Syarat Tegaknya Amar Ma’ruf Nahimunkar




Syaikh Muhammad Sholih Utsaimin memberi tiga kriteria bagi yang ingin menegakkan amar ma’ruf dan nahi munkar :

أنْ يَكُوْنَ الإنْسَانُ عَالِمًا بِالْمَعْرُوْفِ وَالْمُنْكَرِ

1.      Dia harus berilmu terhadap hakekat amar ma’ruf dan nahi munkar

Artinya bisa membedakan mana yang maruf dan mana yang munkar.

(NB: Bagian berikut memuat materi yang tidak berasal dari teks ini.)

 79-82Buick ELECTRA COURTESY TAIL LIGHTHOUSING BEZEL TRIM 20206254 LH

Jangan sampai ketika kita menvonis suatu perbuatan sebagai batil ternyata ia adalah haq, atau membid’ahkan satu ibadah padahal ia adalah sunnah.

Mungkin ada yang menyalahkan khotib yang berdoa di atas mimbar dengan mengangkat jari telunjuk dan memerintahkannya berdoa dengan mengangkat kedua tangan, padahal mengangkat jari telunjuk itulah yang benar. 

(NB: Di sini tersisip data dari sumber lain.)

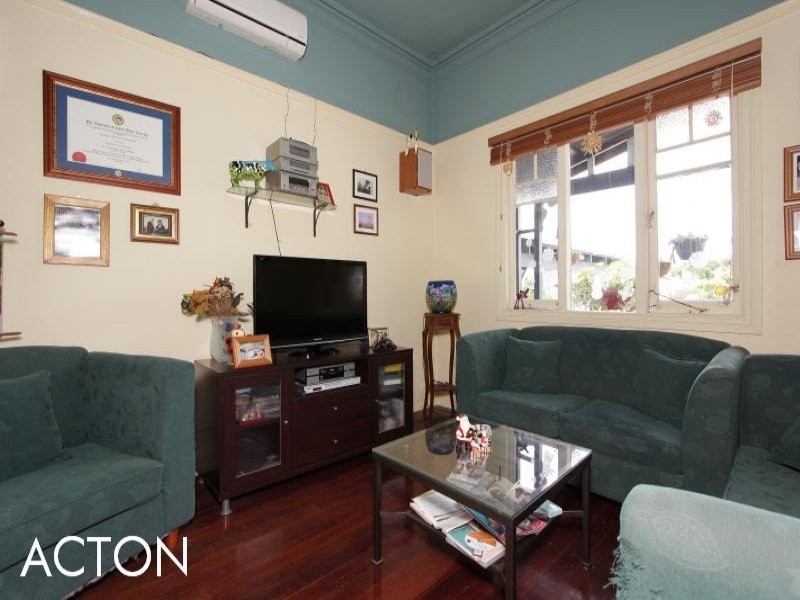 117 Basinghall Street, East Victoria Park WA 6101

Contoh lain adalah memarahi orang yang menunaikan qiyamul lail dengan formasi 9 rokaat dan ditutup dengan 2 rokaat sambil duduk. Kepada pelaku dikatakan bahwa witir adalah penutup sholat malam sehingga tidak mungkin tahajud dilakukan di akhir. Padahal sholat dengan kaifiyat seperti itu pernah dilakukan oelh nabi shollallohu alaihi wasallam sebagaimana yang dilihat oleh Aisyah.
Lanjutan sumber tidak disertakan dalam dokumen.